[Image-text web data]
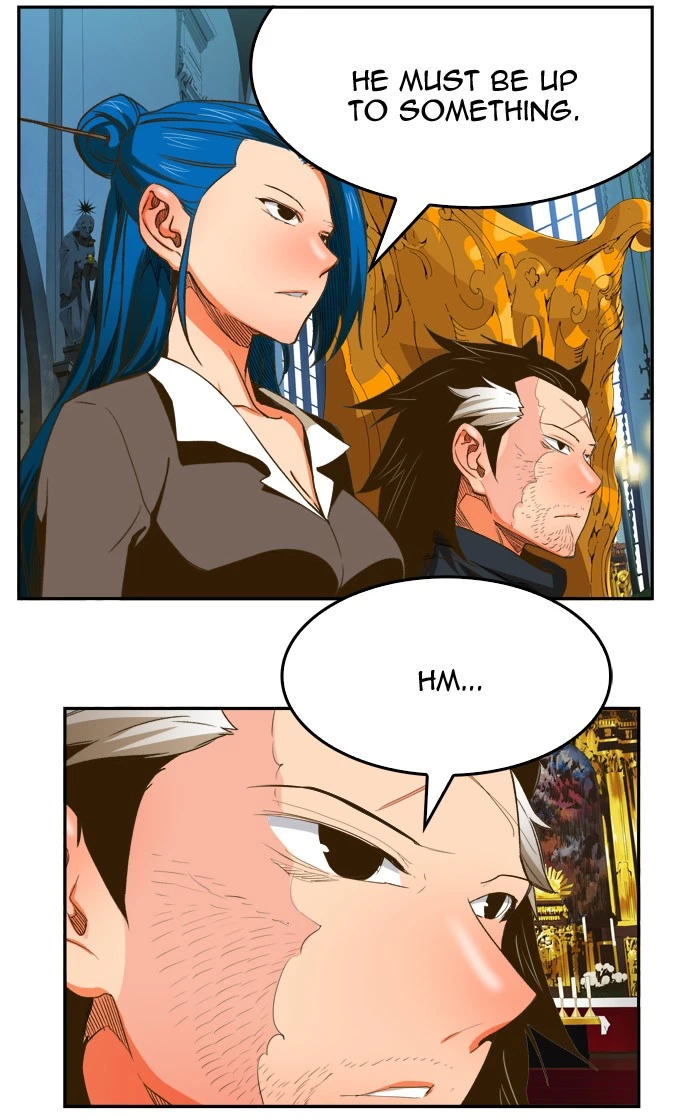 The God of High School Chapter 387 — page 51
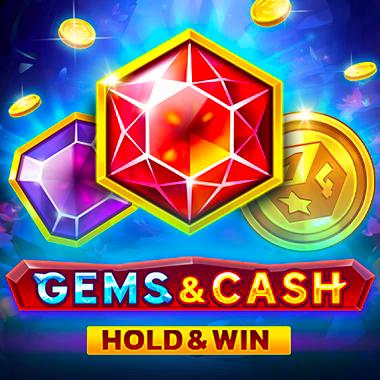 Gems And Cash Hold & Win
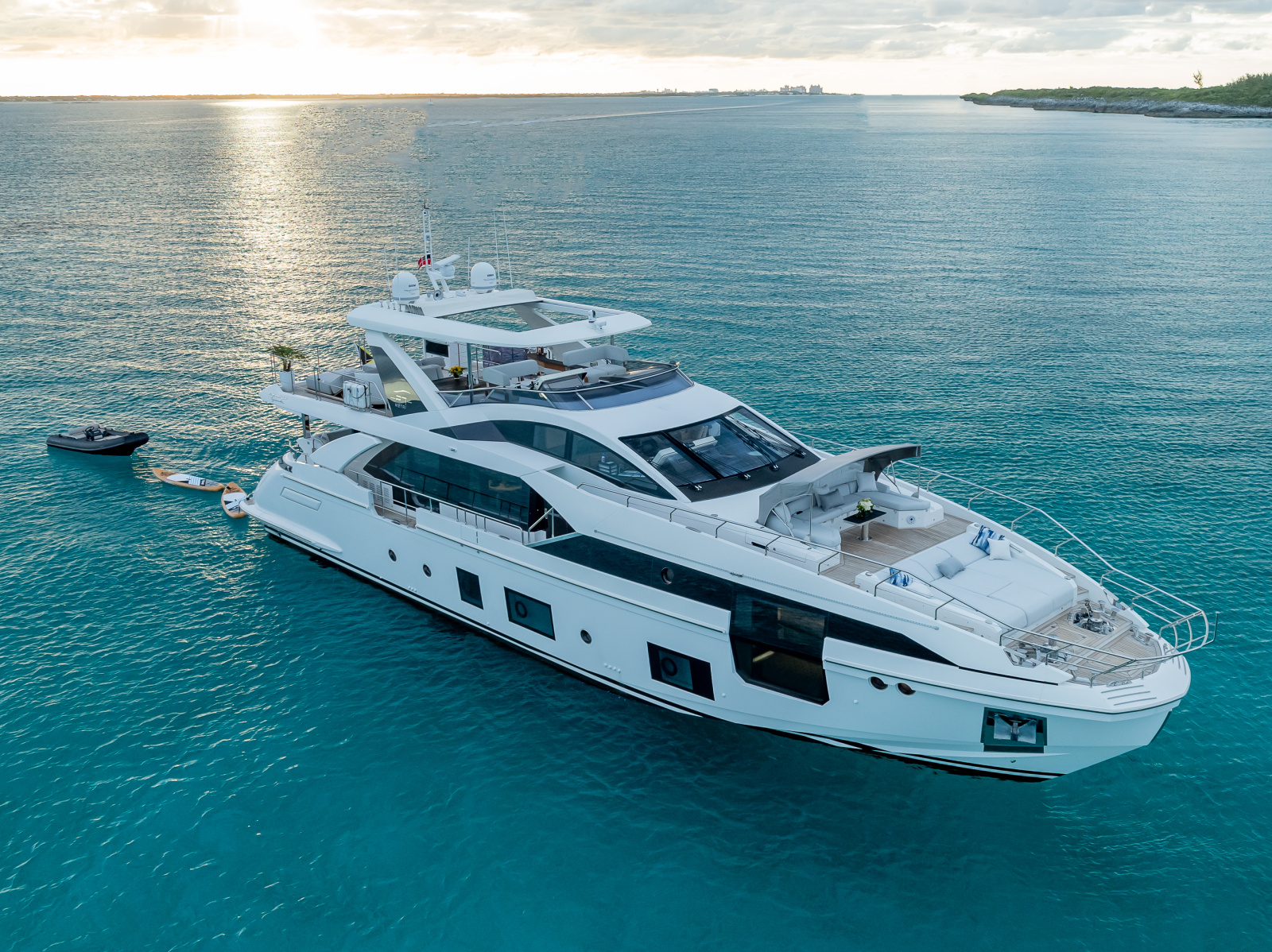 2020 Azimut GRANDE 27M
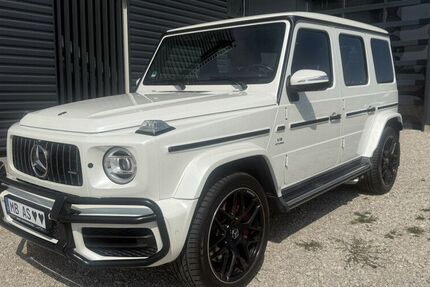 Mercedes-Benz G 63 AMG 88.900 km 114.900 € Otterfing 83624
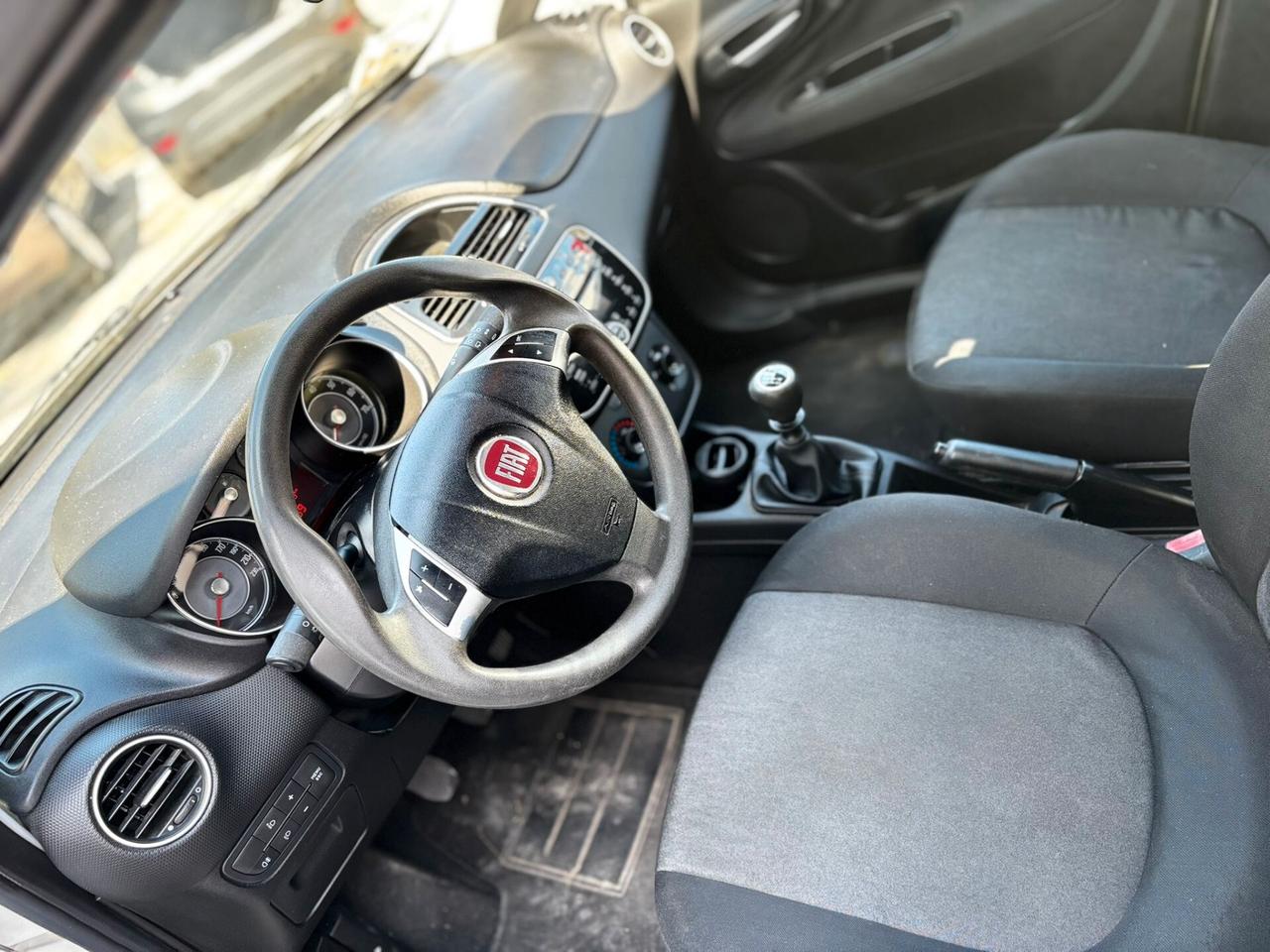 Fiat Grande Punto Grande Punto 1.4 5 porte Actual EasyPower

## What the task asks
What is needed is a word-for-word copy of the data above, free of any images.

## Answer section
 The God of High School Chapter 387 — page 51
 Gems And Cash Hold & Win
 2020 Azimut GRANDE 27M
 Mercedes-Benz G 63 AMG 88.900 km 114.900 € Otterfing 83624
 Fiat Grande Punto Grande Punto 1.4 5 porte Actual EasyPower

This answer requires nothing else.